Por convención social, los plazos hasta llegar a las cosas importantes se cuentan hacia atrás, en forma regresiva. “Quedan X días para casarme” o “faltan X horas para el examen” pueden ser lugares comunes en las conversaciones, según el entorno de cada uno y el momento de la vida. No es casual, en ese contexto, que los segundos antes del lanzamiento de un cohete al espacio se marquen del 10 al uno.

El verano es la temporada de dejar evidente esta costumbre. A mí me restan 19 días para las vacaciones, ese paréntesis en las actividades comunes que hace que todo el conteo comience de nuevo. De pronto pueden ser una ficción o un espejismo psicológico: los problemas no se van ni las actitudes cambian sólo porque alguien no vaya a trabajar. Pero, por lo pronto, este derecho conquistado por los trabajadores rentados hace relativamente poco tiempo (hablamos de unos 100 años como máximo, ya que antes estaba reservado a unos pocos) hay que disfrutarlo con ganas.

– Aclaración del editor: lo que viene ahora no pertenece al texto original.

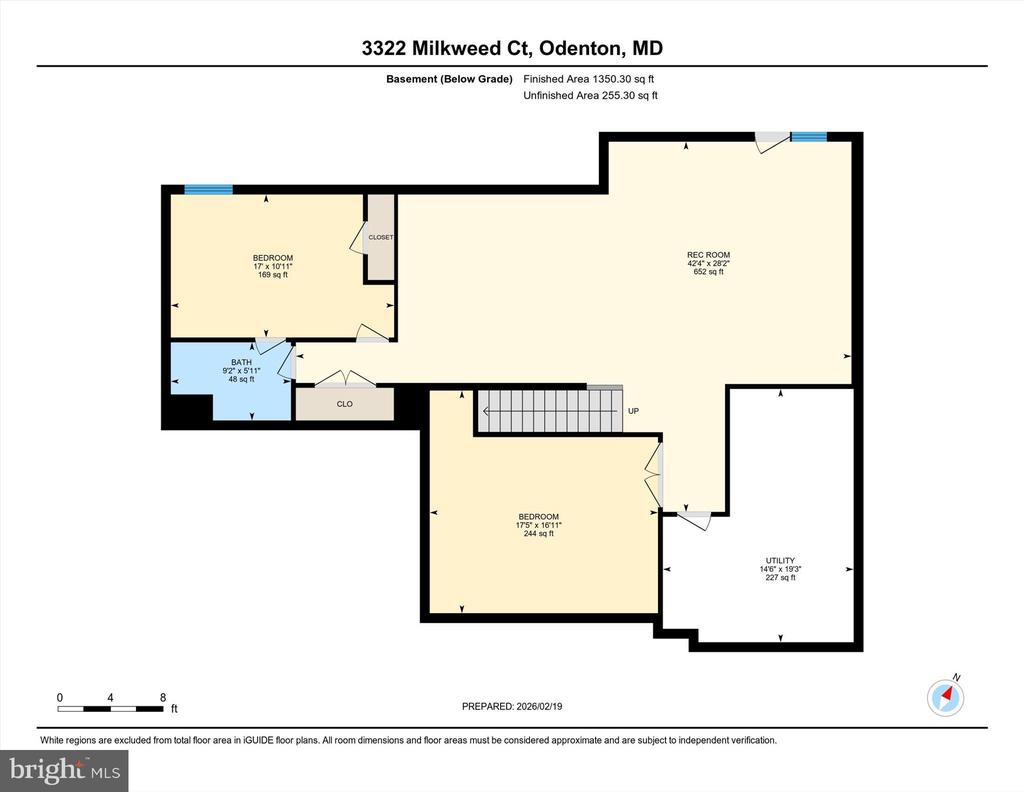 3322 MILKWEED COURT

Etimológicamente, la palabra vacaciones deriva del latín vacans, participio del verbo vacare: estar libre, desocupado. Ya con ese inicio, quedaría poco por agregar.

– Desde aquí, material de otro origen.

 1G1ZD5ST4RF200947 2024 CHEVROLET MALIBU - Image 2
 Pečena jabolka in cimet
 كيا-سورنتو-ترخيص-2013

Lo ideal y recomendable es irse lo más lejos posible de la casa que uno habita diariamente. Por supuesto que esto no es posible para todos, y, en el caso de no poder, habrá que conformarse con romper la rutina de la forma más fuerte posible.

Cuando se retorne al trabajo, una nueva cuenta regresiva comenzará a correr. Muchos son los que calcularán, apenas sentados en sus escritorios, cuántos meses les faltan para volver a tener vacaciones. Quizás ésa sea la real ilusión, la ficción a la cual todos (alguna vez) nos agarramos con fuerza: que el trabajo sea la excepción y el descanso, la regla. Por algo la diferencia, allá en los tiempos romanos remotos, era entre el ocio y el nec-otium (no ocio), donde las tareas económicamente productivas eran lo contrario del no hacer nada.